• _TASK MATERIAL_:
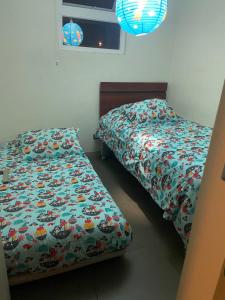 dos camas sentadas una al lado de la otra en un dormitorio en apartamento, en La Serena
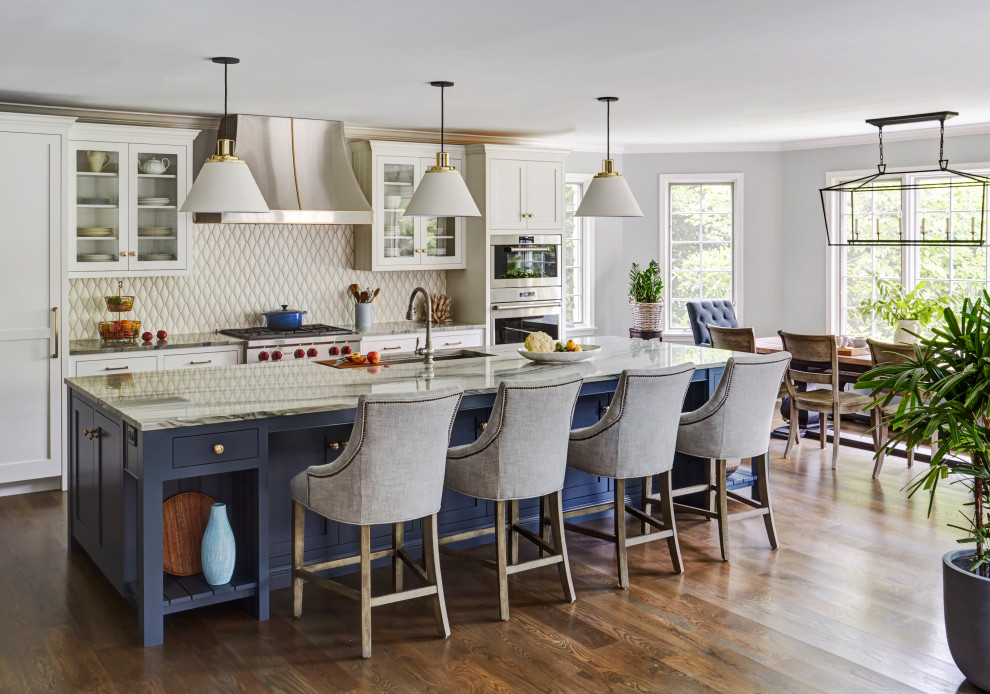 Example of a large transitional medium tone wood floor kitchen design in Chicago with an undermount sink, glass-front cabinets, white cabinets, beige backsplash, stainless steel appliances, an island and gray countertops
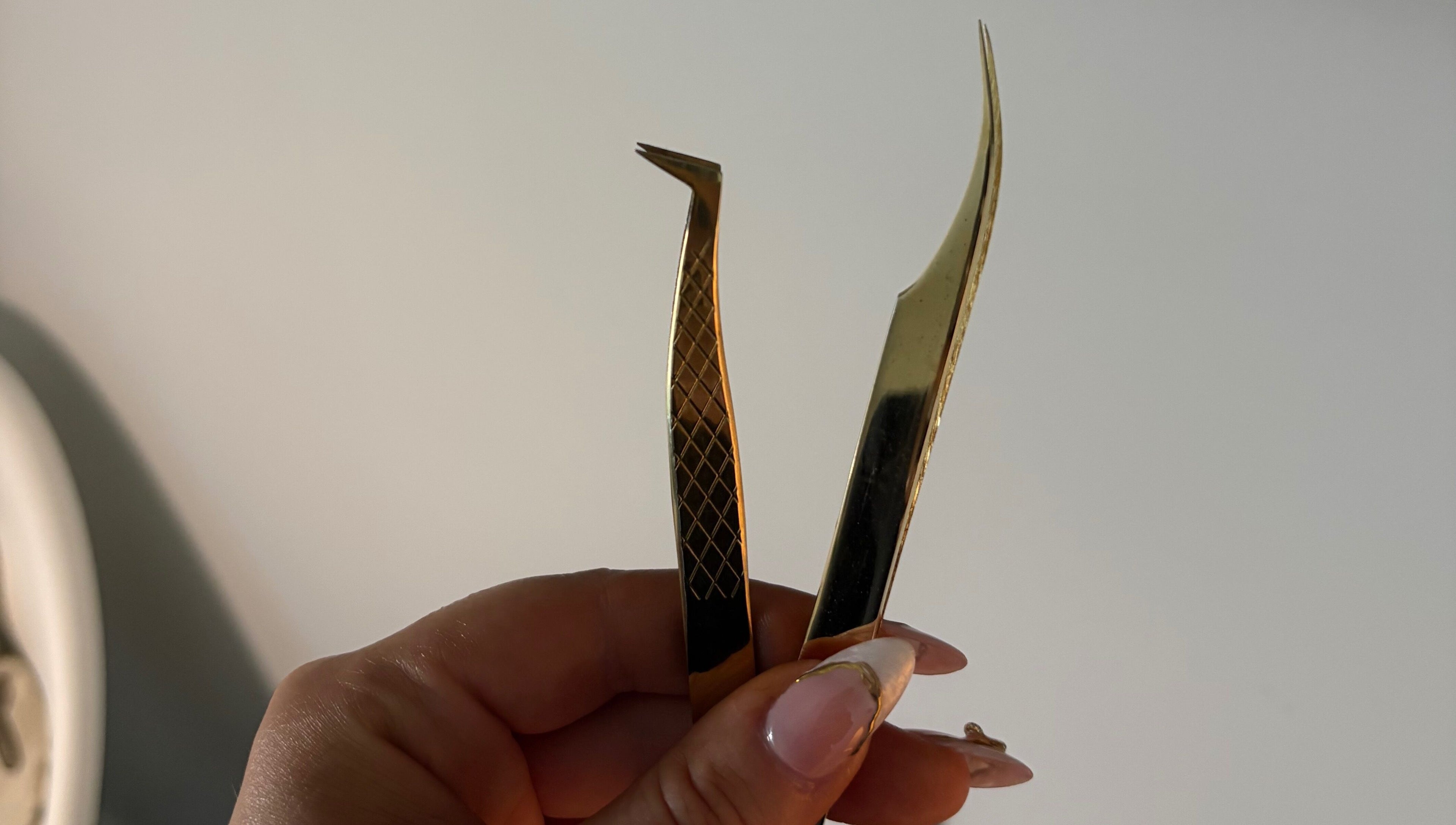 Elegant gold tweezers at Aesthetics by Amie, Calgary, Alberta, CA for precise beauty treatments.
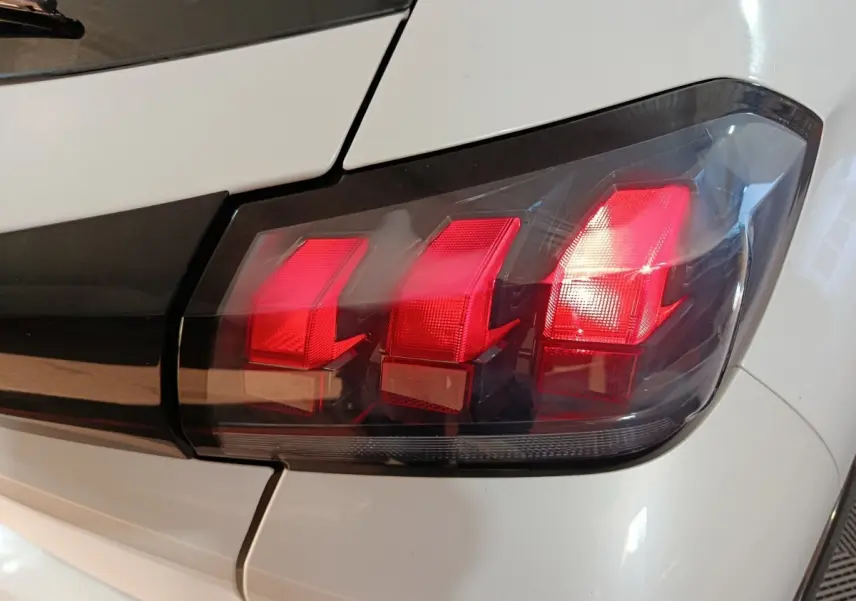 Gros plan sur le feu arrière droit rouge de la Peugeot 208 électrique Active Business blanche, vue arrière côté droit.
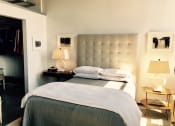 Thumbnail 20 of 34 - a bedroom with a bed and a closet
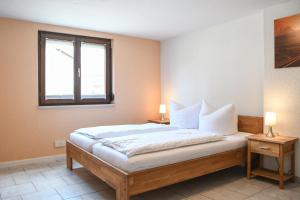 a bedroom with a bed with two lamps on tables at Ferienwohnungen zur Elz in Kappel-Grafenhausen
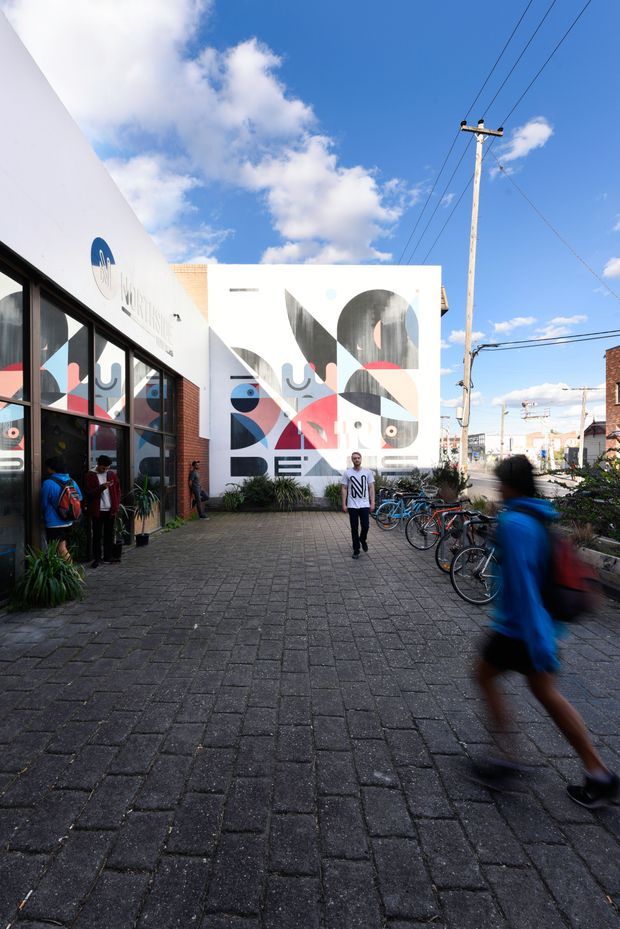 An urban pedestrian forecourt beside a contemporary low-rise commercial building, featuring a large geometric mural on a white facade, glazed shopfront windows, dark paver flooring, bicycles, and people using the space. Utility poles and neighbouring buildings are visible beyond the courtyard.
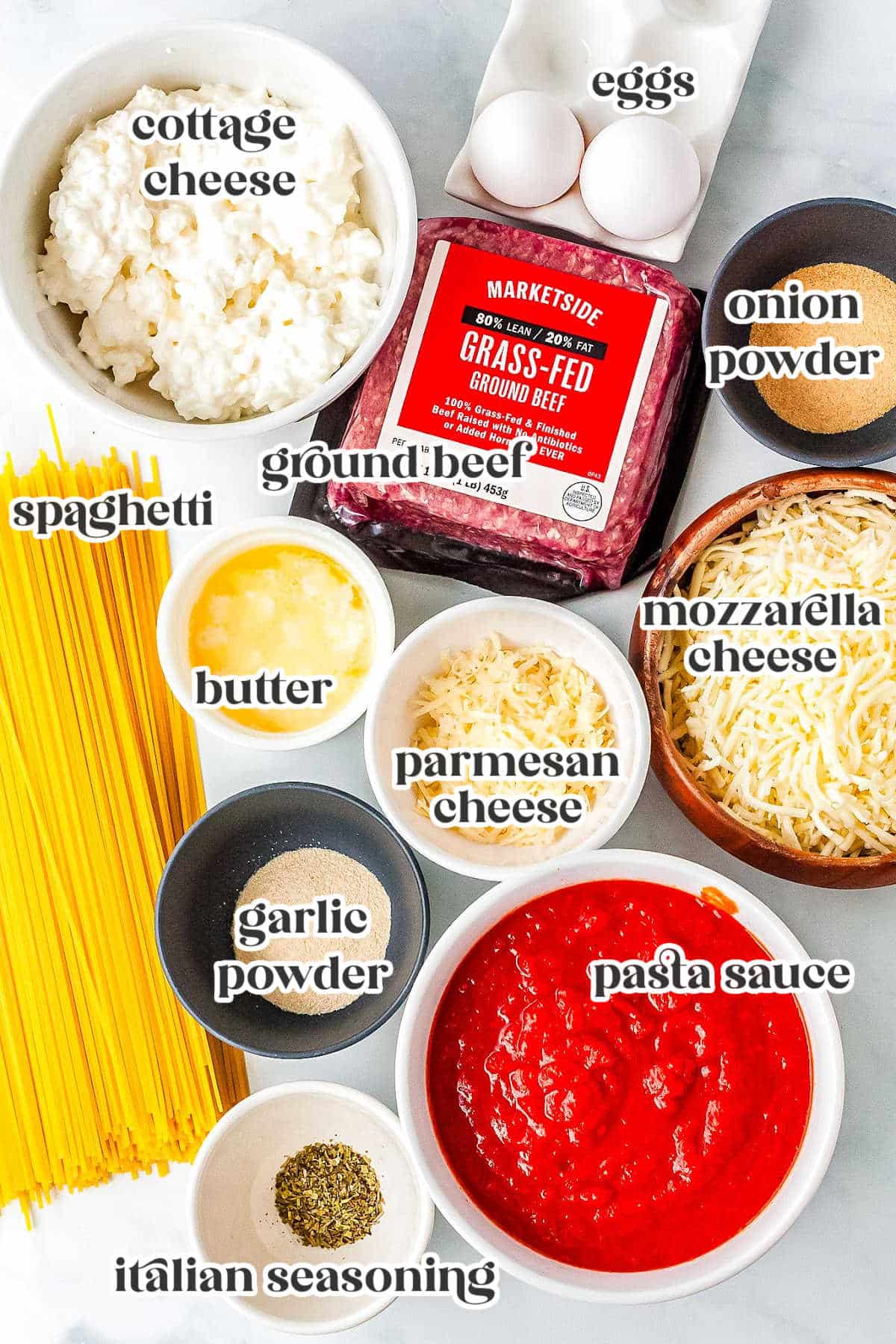 Ingredients for baked spaghetti with text overlay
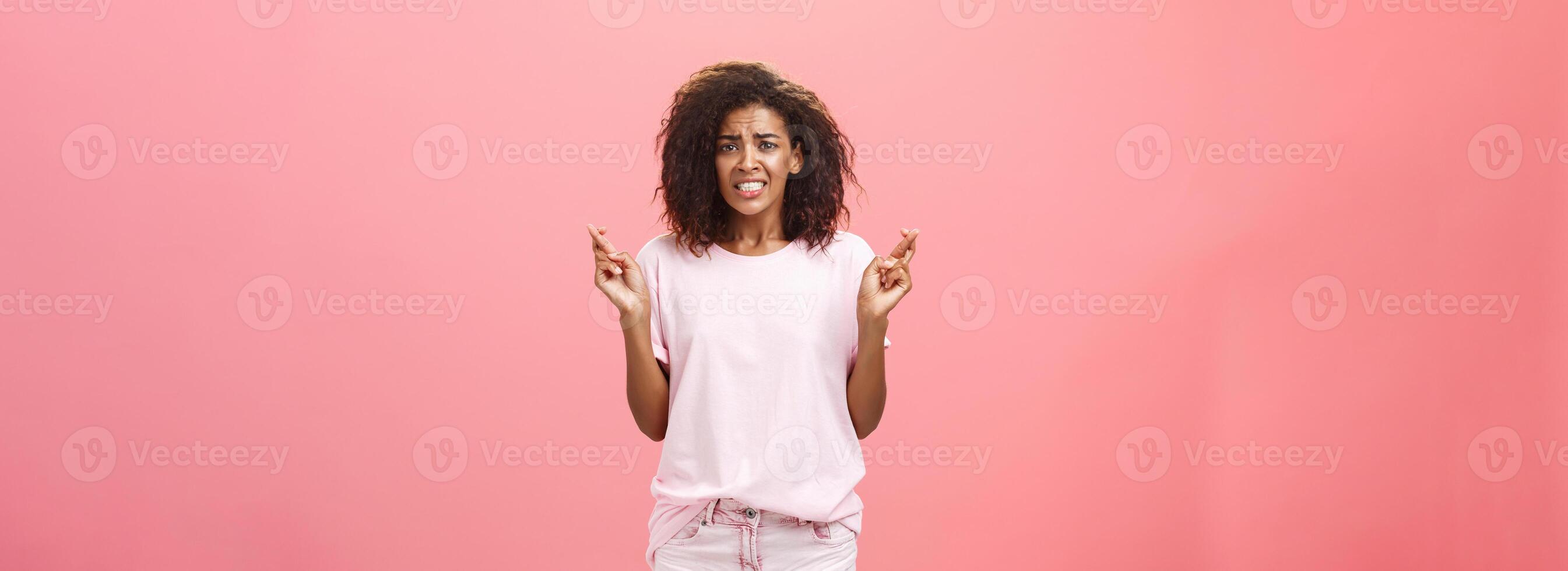 espérer elle obtient positif résultat. portrait de inquiet intense optimiste beau Jeune africain américain femelle collaborateur renfrogné serrant les dents et traversée les doigts pour bien la chance tandis que fabrication souhait photo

• _REQUIREMENT_: Give back the data exactly. Skip any images.

• _WRITTEN RESPONSE_:
 dos camas sentadas una al lado de la otra en un dormitorio en apartamento, en La Serena
 Example of a large transitional medium tone wood floor kitchen design in Chicago with an undermount sink, glass-front cabinets, white cabinets, beige backsplash, stainless steel appliances, an island and gray countertops
 Elegant gold tweezers at Aesthetics by Amie, Calgary, Alberta, CA for precise beauty treatments.
 Gros plan sur le feu arrière droit rouge de la Peugeot 208 électrique Active Business blanche, vue arrière côté droit.
 Thumbnail 20 of 34 - a bedroom with a bed and a closet
 a bedroom with a bed with two lamps on tables at Ferienwohnungen zur Elz in Kappel-Grafenhausen
 An urban pedestrian forecourt beside a contemporary low-rise commercial building, featuring a large geometric mural on a white facade, glazed shopfront windows, dark paver flooring, bicycles, and people using the space. Utility poles and neighbouring buildings are visible beyond the courtyard.
 Ingredients for baked spaghetti with text overlay
 espérer elle obtient positif résultat. portrait de inquiet intense optimiste beau Jeune africain américain femelle collaborateur renfrogné serrant les dents et traversée les doigts pour bien la chance tandis que fabrication souhait photo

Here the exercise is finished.